Implementing intrinsics that were released along a wider register type
Some intrinsics for a size N are introduce in the same generation that introduces a register of size `2N.
_mm_srlv_epi32(128 bits) is introduced in Avx2, along with_mm256- Plently of 128 and 256 API introduced in AVX512
I'm wondering how to implement that in Xsimd.
My best understanding is that when compiling with AVX2, std::make_sized_batch<uint8_t, 16>() will return an xsimd::sse4.2 architecture and the dispatch mechanism cannot know from requires_arch that the AVX2 128 bit instruction is available.
One way to work around it is using if constexpr(supported_architectures::contains<avx2>()) but that seems to duplicate the dispatch mechanism.
Another possibility could be to decouple the architecture from the register type.
What do you think @JohanMabille @serge-sans-paille ?
I was thinking of the same problem. My guess for now would be to introduce an sse_avx sse_av2, sse_vl register in the hierarchy.
Then the make_sized_batch returns the appropriate one. In avx and avx2, avx512 we need to override the forward to sse and forward to avx functions.
An alternative is to have an avx<sse> class as it happens with fma
PS: this is related to #1009 so probably requires some more thoughts.
I think there are two orthognoal problems here. The first one is the way we represent the instruction set extensions in xsimd. This is a topic we've been discussing for quite a long with Serge, and so far the idea is to be able to add "flavors" to the instruction set tag; either with template parameters (as suggested in #1009 and by @DiamonDinoia ), or with expressions like "avx & fma".
The second one is that the arch we pass to the implementation functions is that of the batch (see https://github.com/xtensor-stack/xsimd/blob/master/include/xsimd/types/xsimd_api.hpp#L60 for instance). That could be fixed with something like:
template <class T, class A>
XSIMD_INLINE batch<T, A> abs(batch<T, A> const& x) noexcept
{
detail::static_check_supported_config<T, A>();
return kernel::abs<A>(x, detected_arch{});
}
My naive thinking is to use XSIMD_DECLARE_SIMD_REGISTER_ALIAS to declare a sse_avx register that inherits from sse4_2 and overrride just the kernels that benefits from avx on sse. May I ask where this falls apart?
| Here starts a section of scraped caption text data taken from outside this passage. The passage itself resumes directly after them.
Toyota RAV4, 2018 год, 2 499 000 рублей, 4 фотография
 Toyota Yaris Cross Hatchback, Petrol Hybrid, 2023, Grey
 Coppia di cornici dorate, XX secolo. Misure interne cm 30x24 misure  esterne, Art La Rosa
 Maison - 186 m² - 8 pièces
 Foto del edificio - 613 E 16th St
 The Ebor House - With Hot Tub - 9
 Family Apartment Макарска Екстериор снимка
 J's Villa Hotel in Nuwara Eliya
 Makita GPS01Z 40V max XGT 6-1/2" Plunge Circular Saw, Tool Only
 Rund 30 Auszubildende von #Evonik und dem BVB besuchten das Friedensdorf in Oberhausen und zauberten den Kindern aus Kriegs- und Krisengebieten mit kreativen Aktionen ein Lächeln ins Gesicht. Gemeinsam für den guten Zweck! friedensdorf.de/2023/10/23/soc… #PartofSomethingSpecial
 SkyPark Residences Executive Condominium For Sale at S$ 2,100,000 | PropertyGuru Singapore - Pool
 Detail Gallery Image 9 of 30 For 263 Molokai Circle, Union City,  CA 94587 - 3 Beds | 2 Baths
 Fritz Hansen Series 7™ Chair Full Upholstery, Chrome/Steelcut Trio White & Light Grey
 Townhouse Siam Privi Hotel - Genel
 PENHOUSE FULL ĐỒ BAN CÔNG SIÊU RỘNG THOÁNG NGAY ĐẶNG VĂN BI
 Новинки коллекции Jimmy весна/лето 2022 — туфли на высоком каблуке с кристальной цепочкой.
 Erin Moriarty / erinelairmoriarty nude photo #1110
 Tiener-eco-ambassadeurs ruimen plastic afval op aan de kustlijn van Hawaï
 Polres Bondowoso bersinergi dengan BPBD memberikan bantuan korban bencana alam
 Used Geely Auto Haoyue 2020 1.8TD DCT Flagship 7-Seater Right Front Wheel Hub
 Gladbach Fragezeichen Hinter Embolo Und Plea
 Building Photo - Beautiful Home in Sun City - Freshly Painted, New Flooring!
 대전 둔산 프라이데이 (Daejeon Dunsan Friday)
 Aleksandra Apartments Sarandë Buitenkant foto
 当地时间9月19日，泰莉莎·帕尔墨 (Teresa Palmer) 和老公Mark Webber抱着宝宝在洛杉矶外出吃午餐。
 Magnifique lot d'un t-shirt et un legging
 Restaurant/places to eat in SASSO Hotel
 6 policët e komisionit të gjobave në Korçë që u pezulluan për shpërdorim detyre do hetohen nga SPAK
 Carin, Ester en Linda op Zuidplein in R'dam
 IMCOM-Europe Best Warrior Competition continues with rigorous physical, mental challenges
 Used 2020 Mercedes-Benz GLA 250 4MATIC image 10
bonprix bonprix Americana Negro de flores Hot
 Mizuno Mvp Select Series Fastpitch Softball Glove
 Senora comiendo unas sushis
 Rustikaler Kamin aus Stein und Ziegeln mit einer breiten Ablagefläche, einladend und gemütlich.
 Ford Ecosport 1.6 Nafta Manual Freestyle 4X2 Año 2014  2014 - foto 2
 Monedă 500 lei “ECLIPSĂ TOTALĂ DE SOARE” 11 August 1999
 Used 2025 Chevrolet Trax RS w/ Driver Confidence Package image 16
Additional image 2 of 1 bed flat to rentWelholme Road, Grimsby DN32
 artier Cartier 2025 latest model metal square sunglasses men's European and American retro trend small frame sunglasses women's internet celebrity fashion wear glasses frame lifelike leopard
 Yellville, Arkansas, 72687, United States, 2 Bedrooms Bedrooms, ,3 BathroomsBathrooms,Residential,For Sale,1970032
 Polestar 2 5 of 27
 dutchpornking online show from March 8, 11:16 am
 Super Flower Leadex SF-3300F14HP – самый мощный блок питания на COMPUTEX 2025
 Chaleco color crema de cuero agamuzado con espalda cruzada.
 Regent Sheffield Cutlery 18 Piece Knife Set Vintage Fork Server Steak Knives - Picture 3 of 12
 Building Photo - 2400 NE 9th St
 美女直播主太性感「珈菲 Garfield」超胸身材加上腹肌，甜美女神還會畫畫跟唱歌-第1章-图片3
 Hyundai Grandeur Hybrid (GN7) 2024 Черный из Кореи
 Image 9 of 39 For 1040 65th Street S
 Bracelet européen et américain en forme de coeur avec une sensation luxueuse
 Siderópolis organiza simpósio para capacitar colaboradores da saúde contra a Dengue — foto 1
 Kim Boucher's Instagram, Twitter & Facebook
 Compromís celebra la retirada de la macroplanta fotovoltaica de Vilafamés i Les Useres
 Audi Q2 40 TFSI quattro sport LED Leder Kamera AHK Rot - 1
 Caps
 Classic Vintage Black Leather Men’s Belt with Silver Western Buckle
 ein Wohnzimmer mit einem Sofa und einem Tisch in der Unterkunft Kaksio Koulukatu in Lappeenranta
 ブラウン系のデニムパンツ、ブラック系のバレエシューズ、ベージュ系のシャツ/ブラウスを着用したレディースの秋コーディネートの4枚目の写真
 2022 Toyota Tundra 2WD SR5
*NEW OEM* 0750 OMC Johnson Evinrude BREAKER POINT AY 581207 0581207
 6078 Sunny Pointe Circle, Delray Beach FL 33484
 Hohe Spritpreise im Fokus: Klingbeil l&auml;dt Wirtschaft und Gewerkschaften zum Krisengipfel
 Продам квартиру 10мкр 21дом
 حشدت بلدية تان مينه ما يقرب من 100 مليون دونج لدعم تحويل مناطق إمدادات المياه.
My naive thinking is to use XSIMD_DECLARE_SIMD_REGISTER_ALIAS to declare a sse_avx register that inherits from sse4_2 and overrride just the kernels that benefits from avx on sse. May I ask where this falls apart?
That's the easy part. You also want this type to derive from sse4_2, so that automatic fallback works as expected.
Now for the difficult part, what would be the naming scheme? So far we've use template composition, e.g.
fma3<sse4_2> to specify sse4.2 with fma3 extension.
so in that spirit we would have
avx512f<sse4_2> to specify sse4.2 with avx512f extensions.
Unfortunately we already use avx512f as an architectural type. But maybe
ext::avx512f<sse4_2> would be good? That way we would also have
ext::avx512f
This may mean we'd use ext::fma3 instead of fma3, that's an API break but I'm fine with it.
I like that idea and can implement it before the release, but it's a non negligible feature change, so I think it's worth being merged after the release, so that we can peacefully explore the consequences after the release.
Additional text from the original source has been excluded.